Per la prima volta nella storia dell’umanità ci saranno più ultra sessantenni che giovani sotto i 16 anni.
Già oggi, siamo il Paese con la maggiore percentuale di anziani d’Europa. Nel 2050 l’ISTAT prevede che in Italia gli anziani saranno 21.775.809, il 34,3% della popolazione, passando quindi da un quinto a un terzo dei residenti.
Malgrado questi numeri, tuttavia, l’Italia “non è un Paese per anziani”, non si tratta, come si dice nella ricerca, di mettere in campo “grandi progetti di riforma”, quanto piuttosto di intervenire nelle scelte di amministratori, operatori sociali e sanitari, progettisti, gestori dei servizi sociali e sanitari, gestori dei servizi di trasporto, ecc. per fare in modo che il loro agire tenga conto della crescente presenza di anziani. Un cambiamento, questo, che richiede innanzitutto uno straordinario impegno politico e culturale nella elaborazione di una nuova idea del corso di vita delle persone capace di superare stereotipi desueti.

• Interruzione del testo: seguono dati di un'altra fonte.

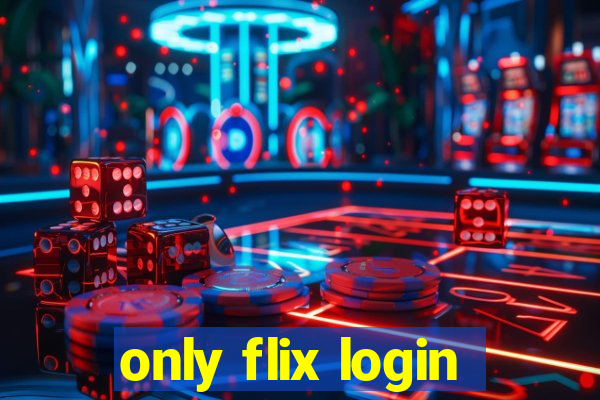 only flix login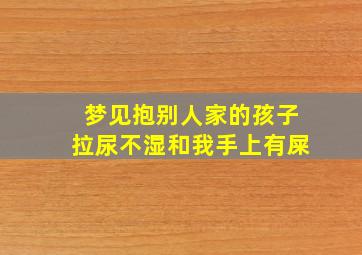 梦见抱别人家的孩子拉尿不湿和我手上有屎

Questo cambiamento è già nei fatti: richiede solo di essere riconosciuto e governato con intelligenza e sensibilità. Gli oltre 13 milioni di anziani italiani stanno rivoluzionando il modo di vivere la terza e quarta età. Il paradigma concreto di questa rivoluzione silenziosa, quotidiana, molecolare è la longevità attiva. Il cuore di questa nuova visione della terza e quarta età è la vita di relazione che si configura non solo come la chiave della soddisfazione per la propria esistenza – il Censis (2015) ha rilevato che l’84,5% degli anziani valuta positivamente la propria vita -, ma anche come forma di prevenzione primaria rispetto all’insorgere di patologie, in particolare quelle indotte dalla solitudine o dal ricorso eccessivo e inappropriato a farmaci e prestazioni sanitarie. Posto in questi termini il problema di fare dell’Italia un Paese anche per anziani comporta di ripensare quell’insieme servizi, attività, comportamenti essenziali nella vita quotidiana, utilizzando come parametro di riferimento la loro fruibilità da parte di persone anziane.

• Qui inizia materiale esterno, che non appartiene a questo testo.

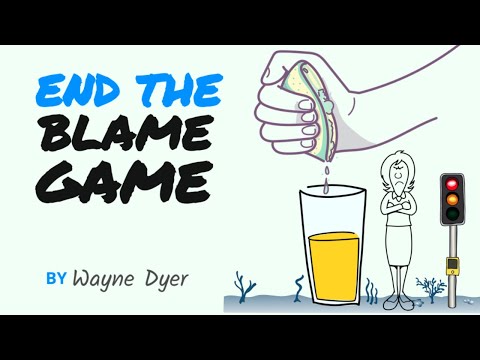 How To Stop Playing The Blame Game ☀️ Wayne Dyer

In questa prospettiva gli stessi fondamentali aspetti sanitari e assistenziali vanno considerati solo uno degli aspetti delle politiche verso la terza età, evitando quindi di essere l’unica dimensione in cui l’anziano viene considerato. Questo approccio è stato riconosciuto come una delle tre direttive prioritarie del Piano internazionale d’azione sull’invecchiamento stilato a Madrid e approvato dalle Nazioni Unite nel 2002.

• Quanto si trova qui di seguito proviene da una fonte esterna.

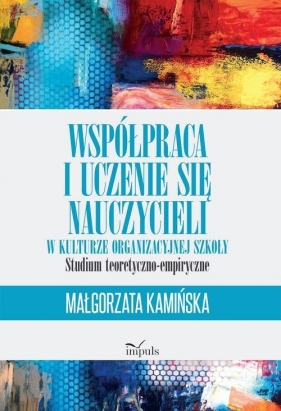 Współpraca i uczenie się nauczycieli w kulturze organizacyjnej szkoły - Kamińska Małgorzata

A conclusione dell’editoriale della guida dell’OMS “Global Age-friendly Cities” si dice: “Il vero problema consiste allora nel domandarsi quali siano le caratteristiche che il contesto urbano deve assumere perché l’anziano autosufficiente possa conservare la libertà economica, l’autorità e il rispetto di chi lo circonda, l’autonomia, la dignità e le connessioni sociali necessari, da un lato per il suo benessere e dall’altro per la sua capacità di concorrere alla creazione di ricchezza e benessere individuale e collettivo”.